Stored items
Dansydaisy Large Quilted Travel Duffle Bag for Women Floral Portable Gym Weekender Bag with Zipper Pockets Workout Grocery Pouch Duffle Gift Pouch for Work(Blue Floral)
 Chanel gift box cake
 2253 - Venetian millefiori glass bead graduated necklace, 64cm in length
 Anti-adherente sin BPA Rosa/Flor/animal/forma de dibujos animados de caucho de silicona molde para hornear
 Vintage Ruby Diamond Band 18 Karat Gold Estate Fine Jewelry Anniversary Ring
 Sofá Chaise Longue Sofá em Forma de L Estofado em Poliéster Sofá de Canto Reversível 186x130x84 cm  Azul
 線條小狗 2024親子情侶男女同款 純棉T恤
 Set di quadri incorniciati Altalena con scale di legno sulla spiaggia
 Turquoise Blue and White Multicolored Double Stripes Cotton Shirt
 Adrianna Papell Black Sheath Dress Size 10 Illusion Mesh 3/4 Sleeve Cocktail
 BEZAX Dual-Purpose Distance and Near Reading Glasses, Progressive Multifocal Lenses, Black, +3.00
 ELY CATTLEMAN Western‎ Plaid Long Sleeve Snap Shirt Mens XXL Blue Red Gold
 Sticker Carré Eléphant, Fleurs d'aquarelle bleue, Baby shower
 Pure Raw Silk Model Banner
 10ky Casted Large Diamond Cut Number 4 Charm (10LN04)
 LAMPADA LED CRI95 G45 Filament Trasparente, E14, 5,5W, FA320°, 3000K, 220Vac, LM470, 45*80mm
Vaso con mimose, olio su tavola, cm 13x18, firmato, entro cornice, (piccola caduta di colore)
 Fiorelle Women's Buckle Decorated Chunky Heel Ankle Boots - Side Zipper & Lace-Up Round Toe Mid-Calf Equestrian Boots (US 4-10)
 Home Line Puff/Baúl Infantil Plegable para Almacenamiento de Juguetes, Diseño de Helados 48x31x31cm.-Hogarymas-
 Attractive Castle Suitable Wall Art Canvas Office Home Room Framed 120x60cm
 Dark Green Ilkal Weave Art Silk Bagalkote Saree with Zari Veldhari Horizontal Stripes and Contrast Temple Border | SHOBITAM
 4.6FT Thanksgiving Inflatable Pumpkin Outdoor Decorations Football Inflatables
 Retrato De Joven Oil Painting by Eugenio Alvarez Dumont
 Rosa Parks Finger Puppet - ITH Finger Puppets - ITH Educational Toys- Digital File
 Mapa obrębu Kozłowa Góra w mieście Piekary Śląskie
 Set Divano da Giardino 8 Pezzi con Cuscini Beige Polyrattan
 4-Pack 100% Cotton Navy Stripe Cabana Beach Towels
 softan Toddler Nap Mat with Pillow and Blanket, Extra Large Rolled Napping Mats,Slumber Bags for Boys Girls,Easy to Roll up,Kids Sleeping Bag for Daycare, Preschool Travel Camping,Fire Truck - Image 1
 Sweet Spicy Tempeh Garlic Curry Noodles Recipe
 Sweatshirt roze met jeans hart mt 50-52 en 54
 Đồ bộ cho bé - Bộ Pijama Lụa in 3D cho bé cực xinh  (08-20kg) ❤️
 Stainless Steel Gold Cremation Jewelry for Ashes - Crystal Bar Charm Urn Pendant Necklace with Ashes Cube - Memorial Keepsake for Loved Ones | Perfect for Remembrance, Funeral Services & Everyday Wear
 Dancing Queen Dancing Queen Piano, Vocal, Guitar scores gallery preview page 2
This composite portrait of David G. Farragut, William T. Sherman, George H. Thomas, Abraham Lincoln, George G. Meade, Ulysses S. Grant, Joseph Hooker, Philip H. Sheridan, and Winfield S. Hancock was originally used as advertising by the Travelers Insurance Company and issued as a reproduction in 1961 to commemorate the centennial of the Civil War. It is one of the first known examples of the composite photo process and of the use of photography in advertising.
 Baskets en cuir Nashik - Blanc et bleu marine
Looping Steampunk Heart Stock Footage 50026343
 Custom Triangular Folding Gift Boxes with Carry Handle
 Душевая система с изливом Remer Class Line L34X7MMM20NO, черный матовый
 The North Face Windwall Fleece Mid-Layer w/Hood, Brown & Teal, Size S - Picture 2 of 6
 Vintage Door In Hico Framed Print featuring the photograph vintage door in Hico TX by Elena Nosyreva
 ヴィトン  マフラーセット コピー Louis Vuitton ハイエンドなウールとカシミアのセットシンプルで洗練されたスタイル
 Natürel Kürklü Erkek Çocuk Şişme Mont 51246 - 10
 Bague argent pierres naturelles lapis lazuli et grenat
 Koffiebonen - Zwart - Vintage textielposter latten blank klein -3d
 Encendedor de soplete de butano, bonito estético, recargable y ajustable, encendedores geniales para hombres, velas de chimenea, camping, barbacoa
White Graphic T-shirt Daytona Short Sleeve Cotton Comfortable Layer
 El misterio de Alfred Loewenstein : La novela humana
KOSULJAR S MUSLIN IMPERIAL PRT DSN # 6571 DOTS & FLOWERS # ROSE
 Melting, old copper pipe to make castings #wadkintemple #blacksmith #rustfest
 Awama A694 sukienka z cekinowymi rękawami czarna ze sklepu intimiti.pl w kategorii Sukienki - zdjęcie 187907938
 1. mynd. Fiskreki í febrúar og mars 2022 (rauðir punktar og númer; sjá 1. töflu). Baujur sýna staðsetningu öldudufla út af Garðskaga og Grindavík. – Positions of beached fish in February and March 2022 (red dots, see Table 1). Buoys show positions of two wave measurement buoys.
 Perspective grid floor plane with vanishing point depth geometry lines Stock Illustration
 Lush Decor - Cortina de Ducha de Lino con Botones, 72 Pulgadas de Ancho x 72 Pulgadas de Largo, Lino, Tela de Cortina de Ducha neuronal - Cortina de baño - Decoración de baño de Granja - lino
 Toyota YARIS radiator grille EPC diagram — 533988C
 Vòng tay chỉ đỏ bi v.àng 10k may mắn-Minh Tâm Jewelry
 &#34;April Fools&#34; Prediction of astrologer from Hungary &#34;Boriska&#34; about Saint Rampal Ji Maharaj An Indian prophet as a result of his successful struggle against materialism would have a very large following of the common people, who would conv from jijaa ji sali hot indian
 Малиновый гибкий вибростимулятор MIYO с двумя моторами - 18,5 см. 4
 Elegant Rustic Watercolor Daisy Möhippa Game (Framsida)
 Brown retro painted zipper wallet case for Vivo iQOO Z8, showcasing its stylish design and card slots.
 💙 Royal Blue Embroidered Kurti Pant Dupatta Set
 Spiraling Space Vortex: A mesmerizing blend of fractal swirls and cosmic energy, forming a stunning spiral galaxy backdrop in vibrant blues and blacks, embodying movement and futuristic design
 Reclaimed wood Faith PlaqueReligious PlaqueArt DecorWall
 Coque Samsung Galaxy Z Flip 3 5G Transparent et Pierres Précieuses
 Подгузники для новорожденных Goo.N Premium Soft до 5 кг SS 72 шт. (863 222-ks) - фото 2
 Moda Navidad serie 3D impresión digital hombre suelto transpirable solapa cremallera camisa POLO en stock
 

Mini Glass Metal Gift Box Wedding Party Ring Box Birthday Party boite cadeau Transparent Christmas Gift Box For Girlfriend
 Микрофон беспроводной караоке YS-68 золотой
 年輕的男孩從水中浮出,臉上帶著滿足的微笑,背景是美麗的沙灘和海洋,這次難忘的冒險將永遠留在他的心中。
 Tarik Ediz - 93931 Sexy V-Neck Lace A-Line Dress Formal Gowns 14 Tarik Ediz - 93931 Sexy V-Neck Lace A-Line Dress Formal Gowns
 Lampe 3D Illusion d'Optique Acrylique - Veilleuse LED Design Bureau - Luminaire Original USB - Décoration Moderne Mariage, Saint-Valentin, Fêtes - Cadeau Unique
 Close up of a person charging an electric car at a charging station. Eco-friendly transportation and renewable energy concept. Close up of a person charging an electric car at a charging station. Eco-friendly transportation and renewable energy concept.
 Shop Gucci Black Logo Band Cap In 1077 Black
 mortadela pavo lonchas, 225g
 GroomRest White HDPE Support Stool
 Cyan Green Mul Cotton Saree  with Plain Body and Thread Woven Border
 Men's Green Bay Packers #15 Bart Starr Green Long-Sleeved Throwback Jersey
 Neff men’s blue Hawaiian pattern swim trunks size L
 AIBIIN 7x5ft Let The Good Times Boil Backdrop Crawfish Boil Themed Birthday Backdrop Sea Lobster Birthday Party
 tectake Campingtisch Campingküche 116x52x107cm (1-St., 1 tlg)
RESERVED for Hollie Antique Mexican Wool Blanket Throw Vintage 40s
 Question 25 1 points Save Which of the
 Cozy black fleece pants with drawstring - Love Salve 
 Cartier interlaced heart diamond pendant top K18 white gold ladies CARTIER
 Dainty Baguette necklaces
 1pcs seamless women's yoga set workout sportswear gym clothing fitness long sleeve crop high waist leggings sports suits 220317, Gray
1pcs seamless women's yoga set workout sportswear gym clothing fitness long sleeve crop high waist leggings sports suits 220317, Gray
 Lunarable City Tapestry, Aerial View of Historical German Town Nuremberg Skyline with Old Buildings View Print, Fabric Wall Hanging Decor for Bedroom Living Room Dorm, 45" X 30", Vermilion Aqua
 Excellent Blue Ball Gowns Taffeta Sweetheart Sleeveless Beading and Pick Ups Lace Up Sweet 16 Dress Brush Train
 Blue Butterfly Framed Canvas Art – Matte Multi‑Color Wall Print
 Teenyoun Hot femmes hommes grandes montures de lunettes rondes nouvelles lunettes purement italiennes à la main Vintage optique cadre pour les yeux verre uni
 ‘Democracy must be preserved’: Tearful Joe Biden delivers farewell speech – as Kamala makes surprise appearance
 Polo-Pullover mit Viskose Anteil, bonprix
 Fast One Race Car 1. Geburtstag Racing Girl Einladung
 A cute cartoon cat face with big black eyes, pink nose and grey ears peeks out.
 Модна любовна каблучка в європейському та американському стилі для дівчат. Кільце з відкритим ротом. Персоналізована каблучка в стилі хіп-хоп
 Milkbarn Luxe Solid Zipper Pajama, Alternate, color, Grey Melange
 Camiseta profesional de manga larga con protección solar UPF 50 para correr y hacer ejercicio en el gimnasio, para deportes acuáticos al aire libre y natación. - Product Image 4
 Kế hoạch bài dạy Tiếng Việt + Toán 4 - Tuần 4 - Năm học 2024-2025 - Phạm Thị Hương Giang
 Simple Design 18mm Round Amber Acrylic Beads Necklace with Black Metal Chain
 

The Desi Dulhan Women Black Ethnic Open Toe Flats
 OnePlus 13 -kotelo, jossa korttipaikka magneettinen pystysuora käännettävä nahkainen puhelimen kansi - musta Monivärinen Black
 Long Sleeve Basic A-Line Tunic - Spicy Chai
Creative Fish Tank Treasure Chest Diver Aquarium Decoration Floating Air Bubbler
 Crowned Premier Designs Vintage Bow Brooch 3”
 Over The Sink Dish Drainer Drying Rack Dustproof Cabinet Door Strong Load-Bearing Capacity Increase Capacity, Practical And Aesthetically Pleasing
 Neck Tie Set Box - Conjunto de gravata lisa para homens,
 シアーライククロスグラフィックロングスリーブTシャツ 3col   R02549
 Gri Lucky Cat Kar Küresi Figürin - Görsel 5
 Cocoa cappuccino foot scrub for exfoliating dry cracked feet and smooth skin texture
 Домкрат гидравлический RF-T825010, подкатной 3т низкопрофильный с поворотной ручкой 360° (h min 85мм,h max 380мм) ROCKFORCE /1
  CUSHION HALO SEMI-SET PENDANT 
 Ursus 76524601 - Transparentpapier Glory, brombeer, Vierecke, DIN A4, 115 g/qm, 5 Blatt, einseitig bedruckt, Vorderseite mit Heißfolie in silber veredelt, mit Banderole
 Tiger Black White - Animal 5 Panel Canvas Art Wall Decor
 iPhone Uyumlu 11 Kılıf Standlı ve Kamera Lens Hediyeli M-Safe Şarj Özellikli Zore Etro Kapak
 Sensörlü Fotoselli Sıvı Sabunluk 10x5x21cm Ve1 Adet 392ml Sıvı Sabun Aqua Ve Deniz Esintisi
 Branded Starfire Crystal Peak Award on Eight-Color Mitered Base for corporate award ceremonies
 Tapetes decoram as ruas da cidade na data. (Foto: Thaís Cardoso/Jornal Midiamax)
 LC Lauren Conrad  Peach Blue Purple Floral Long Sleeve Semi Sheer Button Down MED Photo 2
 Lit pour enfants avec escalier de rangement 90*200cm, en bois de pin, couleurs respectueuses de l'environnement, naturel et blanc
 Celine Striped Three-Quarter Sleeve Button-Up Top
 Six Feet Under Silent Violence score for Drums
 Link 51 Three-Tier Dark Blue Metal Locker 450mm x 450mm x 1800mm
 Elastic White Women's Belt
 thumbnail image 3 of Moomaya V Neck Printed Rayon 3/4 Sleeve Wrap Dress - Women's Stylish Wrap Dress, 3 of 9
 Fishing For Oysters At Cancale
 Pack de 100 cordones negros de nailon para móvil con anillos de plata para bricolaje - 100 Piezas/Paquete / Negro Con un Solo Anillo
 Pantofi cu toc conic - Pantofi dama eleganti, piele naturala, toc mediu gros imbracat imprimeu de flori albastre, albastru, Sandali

◆ **Task to carry out**:
Beginning at the first line of the data above, retype each line until you reach the line containing "LAMPADA LED CRI95", and include that one too. Add nothing else.

◆ **Task output**:
Dansydaisy Large Quilted Travel Duffle Bag for Women Floral Portable Gym Weekender Bag with Zipper Pockets Workout Grocery Pouch Duffle Gift Pouch for Work(Blue Floral)
 Chanel gift box cake
 2253 - Venetian millefiori glass bead graduated necklace, 64cm in length
 Anti-adherente sin BPA Rosa/Flor/animal/forma de dibujos animados de caucho de silicona molde para hornear
 Vintage Ruby Diamond Band 18 Karat Gold Estate Fine Jewelry Anniversary Ring
 Sofá Chaise Longue Sofá em Forma de L Estofado em Poliéster Sofá de Canto Reversível 186x130x84 cm  Azul
 線條小狗 2024親子情侶男女同款 純棉T恤
 Set di quadri incorniciati Altalena con scale di legno sulla spiaggia
 Turquoise Blue and White Multicolored Double Stripes Cotton Shirt
 Adrianna Papell Black Sheath Dress Size 10 Illusion Mesh 3/4 Sleeve Cocktail
 BEZAX Dual-Purpose Distance and Near Reading Glasses, Progressive Multifocal Lenses, Black, +3.00
 ELY CATTLEMAN Western‎ Plaid Long Sleeve Snap Shirt Mens XXL Blue Red Gold
 Sticker Carré Eléphant, Fleurs d'aquarelle bleue, Baby shower
 Pure Raw Silk Model Banner
 10ky Casted Large Diamond Cut Number 4 Charm (10LN04)
 LAMPADA LED CRI95 G45 Filament Trasparente, E14, 5,5W, FA320°, 3000K, 220Vac, LM470, 45*80mm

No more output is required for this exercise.